• WHAT YOU ARE ASKED TO DO:
A complete answer retypes each of the records below precisely and includes none of the pictures.
======== INPUT DATA
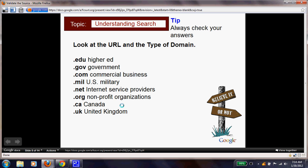Here are some of the different URL domains to look for: '.edu' is higher education, usually posted by a college; '.gov' is from the government; '.com' means commercial business; '.mil' is U.S. military; '.net' is internet service providers; '.org' is a non-profit organization; '.ca' is Canada; and '.uk' is the United Kingdom.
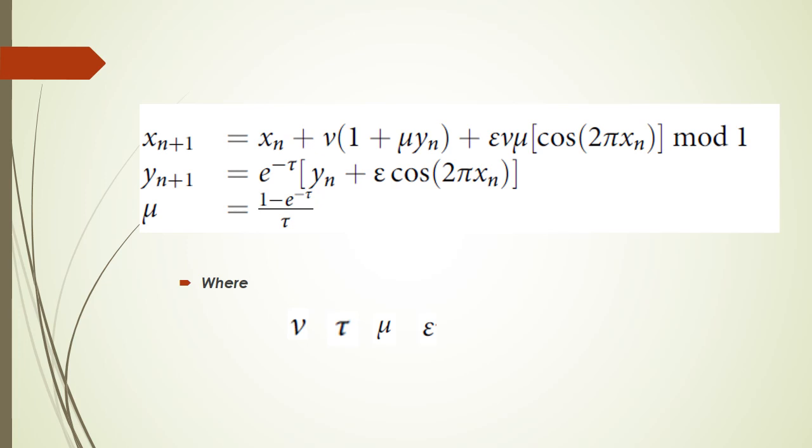Where mu is obtained from the formula mu equals 1 minus e to the power minus tau, divided by tau.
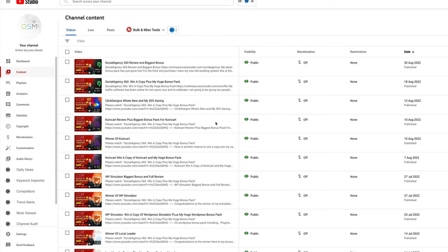Welcome to the competition for Social Agency 360. In this competition, you can win a copy of Social Agency 360 plus my amazing bonus pack. This huge bonus pack, no one will beat it.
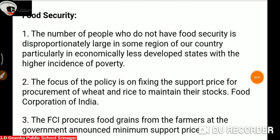Hi Goinkans. As we know, we are discussing chapter number 4 in geography — agriculture — and today's topic is food security. Please open your books. So let's start.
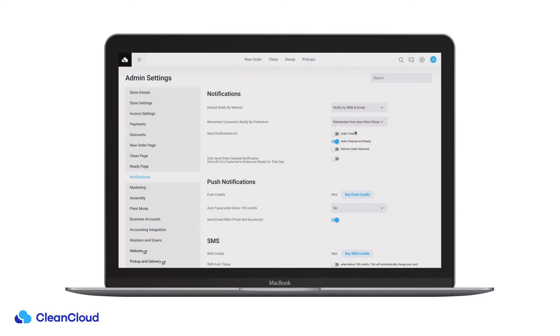You can also choose at what point in your workflow you would like the customer to be notified. The options are when an order has been created, when an order has been cleaned and marked as ready, and when an order has been delivered back to the customer.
================
• EXERCISE OUTPUT:
Here are some of the different URL domains to look for: '.edu' is higher education, usually posted by a college; '.gov' is from the government; '.com' means commercial business; '.mil' is U.S. military; '.net' is internet service providers; '.org' is a non-profit organization; '.ca' is Canada; and '.uk' is the United Kingdom.
Where mu is obtained from the formula mu equals 1 minus e to the power minus tau, divided by tau.
Welcome to the competition for Social Agency 360. In this competition, you can win a copy of Social Agency 360 plus my amazing bonus pack. This huge bonus pack, no one will beat it.
Hi Goinkans. As we know, we are discussing chapter number 4 in geography — agriculture — and today's topic is food security. Please open your books. So let's start.
You can also choose at what point in your workflow you would like the customer to be notified. The options are when an order has been created, when an order has been cleaned and marked as ready, and when an order has been delivered back to the customer.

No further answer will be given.